What information should be kept?

It's helpful to take a look at $OS161_SRC/kern/include/vnode.h. In a nutshell, a file is represented by a struct vnode in kernel space. And most of the underlying interfaces that help us to manage files have already been provided. All we need to do is just bookkeeping. So basically, we need to record the following details about a file:

  • File name. We don't actually need this, but just in case. For example, we may want to print a file's name when debuging.

  • Open flags. We need to keep the flags passed by open so that later on we can check permissions on read or write.

  • File offset. We definitely need this.

  • File's reference counter. Mainly for dup2 and fork system call

  • A lock to protect the access to this file descriptor. Since it's possible that two threads share the same copy of this bookkeeping data structure (e.g., after fork)

  • Actual pointer to the file's struct vnode

Why we didn't record the file's fd? Please see next section.

File descriptor Allocation

There are some common rules about file descriptor:

  • 0, 1 and 2 are special file descriptors. They are stdin, stdout and stderr respectively. (Defined in $OS161_SRC/kern/include/kern/unistd.h as STDIN_FILENO, STDOUT_FILENO and STDERR_FILENO)

  • The file descriptor returned by open should be the smallest fd available. (Not compulsory though)

  • fd space is process specific, i.e. different process may get the same file descriptor that represent different files

So, to maintain each process's opened file information, we add a new field to struct thread

/* OPEN_MAX is defined in $OS161_SRC/kern/include/limits.h */
struct fdesc* t_fdtable[OPEN_MAX];

Now you may figure out why there isn't a fd filed in struct fdesc, since its index is the fd! So when we need to allocate a file descriptor, we just need to scan the t_fdtable (from STDERR_FILENO+1, of course), find an available slot (NULL) and use it. Also, since it's a struct thread field, it's process specific.

Does the t_fdtable look familiar to you? Yes, it's very similar to our process array, only that the later is system-wise. (Confused? See my previous post on fork)

t_fdtable Management and Special Files

Whenever you add a new field to struct thread, don't forget to initialize them in thread_create and do clean up in thread_exit and/or thread_destroy. Since t_fdtable is an fixed size array, work a lot much easier: just zero the array when create, and no clean up is needed. Also, t_fdtable are supposed to be inheritable: so copy a parent's t_fdtable to child when do sys_fork.

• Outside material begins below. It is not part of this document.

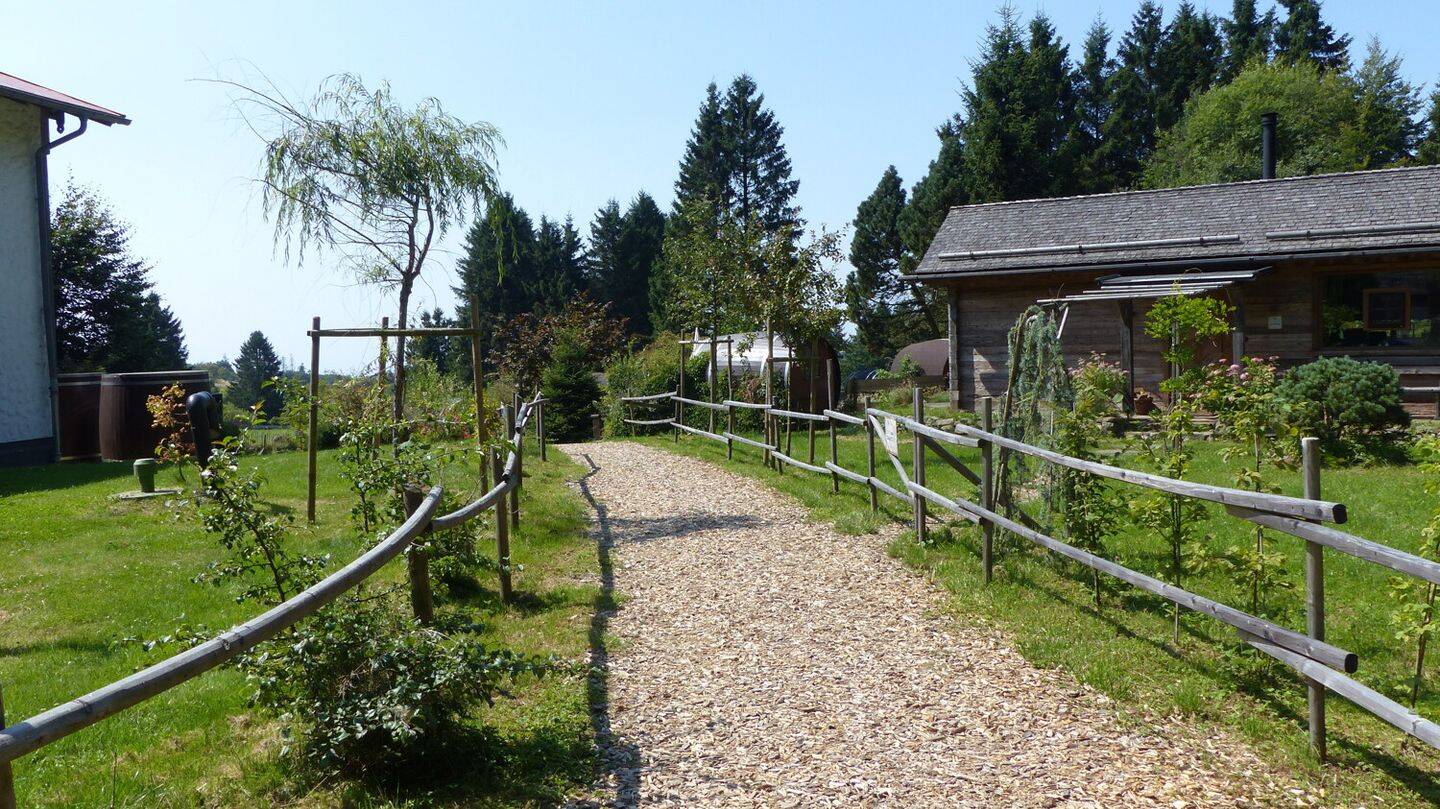 Bild 9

Since parent and child thread are supposed to share the same file table, so when copy file tables, remember to increase each file's reference counter.

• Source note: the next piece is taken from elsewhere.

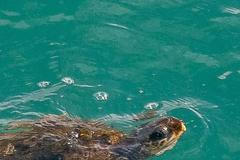 kareta británie hurikán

Console files (std in/out/err) are supposed to be opened "automatically" when a thread is created, i.e. user themselves don't need to open them.

At first glance, thread_create would be a intuitive place to initialize them. Yes, we can do that. But be noted that when the first thread is created, the console is even not bootstrapped yet, so if you open console files in thread_create, it'll fail (silently blocking...) at that time.

Update: The right way to do this is to initialize console in runprogram, because that's where the first user thread is born. And later user threads will just inherits the three file handles of console from then on.

BTW, how to open console? The path name should be "con:", flags should be: O_RDONLY for stdin, O_WRONLY for stdout and stderr; options should be 0664 (Note the zero prefix, it's a octal number).